1. Intentionally screw up the household chores. Put the dishes in the washer upside down. Fold the clothes inside out. Eventually, she’ll get pissed and do them all herself.

2. Do not screw up taking out the trash. It will likely be one of your few escapes from the house.

3. When your baby goes to DEFCON 2 (poops – and not if, but when), the first couple of times are cute. That wears off somewhere around day three. At the first sign of a DEFCON 2 emergency make yourself busy. I personally tend to randomly pick up a screwdriver and do something. I’ve been know to be ‘screwing in the power socket’ for no known reason, or gassing up the mower to mow grass in the middle of February.

4. They’re never too young to try a nip of beer.
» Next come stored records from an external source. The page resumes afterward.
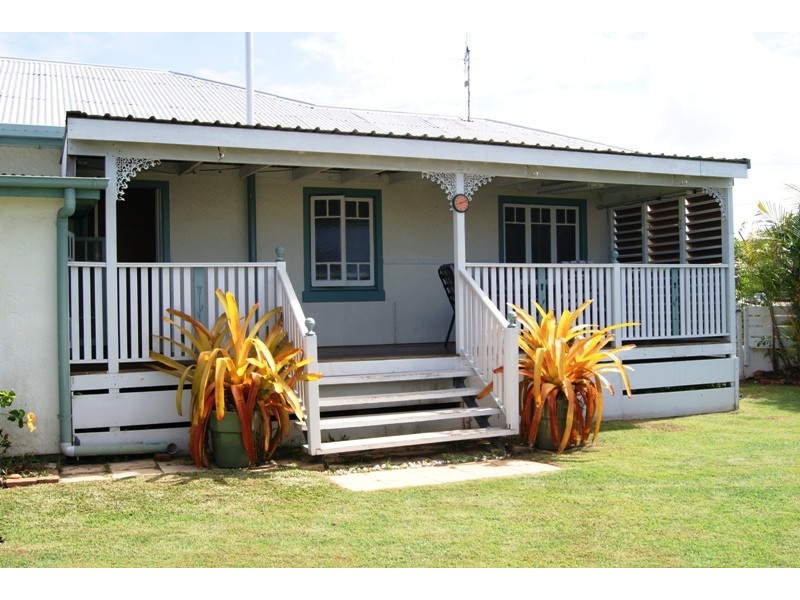 20 COOMBER STREET, Svensson Heights QLD 4670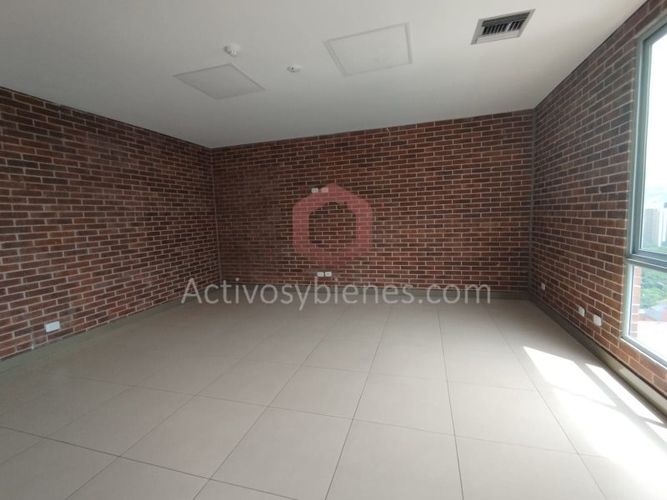Oficina en arriendo en Milla De Oro, Medellín, 300 m² · foto 17 de 18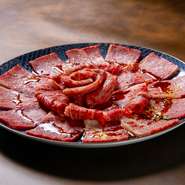 料理に使う食材に特にこだわり、厳選された黒毛和牛を提供しています。また、特徴的な甘みがある京都の八代目儀兵衛のお米を使用。土鍋で炊き上げたご飯は絶品です。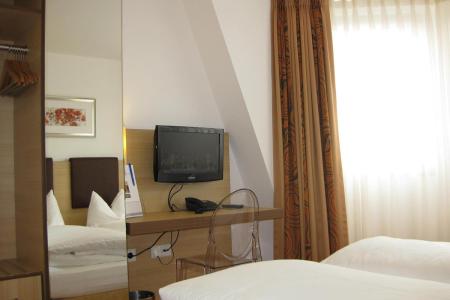 Отель Hotel Flandrischer Hof в Кельн - Германия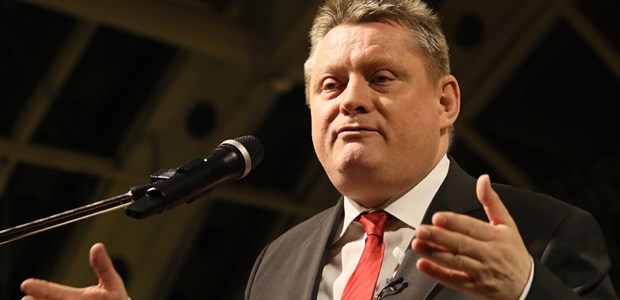 Gröhe und Ärzte mit unterschiedlichen Lösungen Gesundheitsminister Gröhe am Donnerstagabend im KaDeWe in Berlin.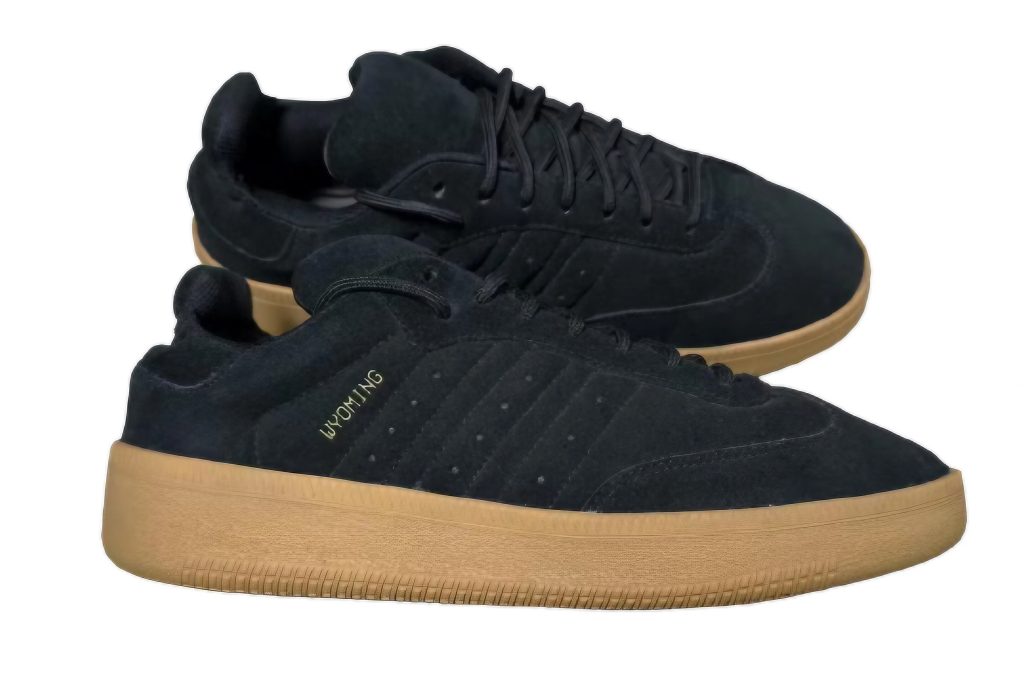 La Yeezy 150 samba, de couleur noir et avec une semelle couleur gomme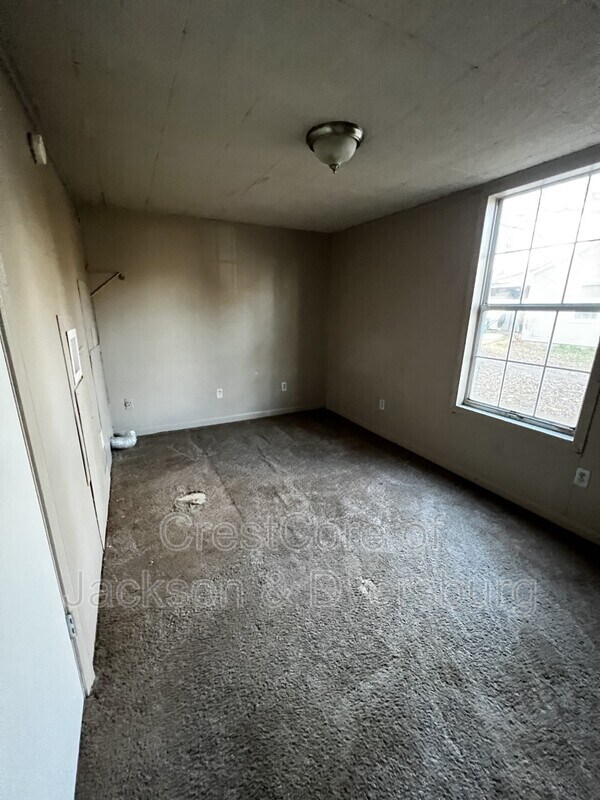 Building Photo - 712 S Lexington St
Especially if they won’t go to sleep. Ok, I’m just kidding on this one, or am I?

5. Once they start crawling, your baby will get into everything… and I mean EVERYTHING! Now would be a fantastic time to strategically redeploy your porn collection.

6. If you don’t have an old radio set then now would be a great time to invest in one. Your Sunday football will soon be replaced (if it hasn’t already) by the Wiggles reruns, and that Fat Purple Nightmare that isn’t your Aunt Edna’s ass.

7. If you’re not using them by now, two little words will save you more grief than any others… ‘yes, dear’.

8. If your wife is still pregnant, you will (at some point in the next several months) find yourself half-awake at 3AM baking brownies for reasons beyond your wary mind’s comprehension. Just go with it. You’ll thank us later.

9. When your child is first-born, never turn to your wife and say, ‘congratulations, hon. It’s a lizard.’ I still have the scar from that one.

10. There’s no law out there saying that you can’t customize your baby’s stroller so that you can maintain some semblance of manhood in public… flames on the sides, fog lights, fuzzy dice, an 8-ball hood ornament or two…

You now have been indoctrinated into the Order. You must vow to guard these sacred laws of wisdom with your lives. You mustn’t divulge them no matter how yummy that cake looks. Welcome to the Ancient Order of Dad. Go forth, and procrastinate, my brother.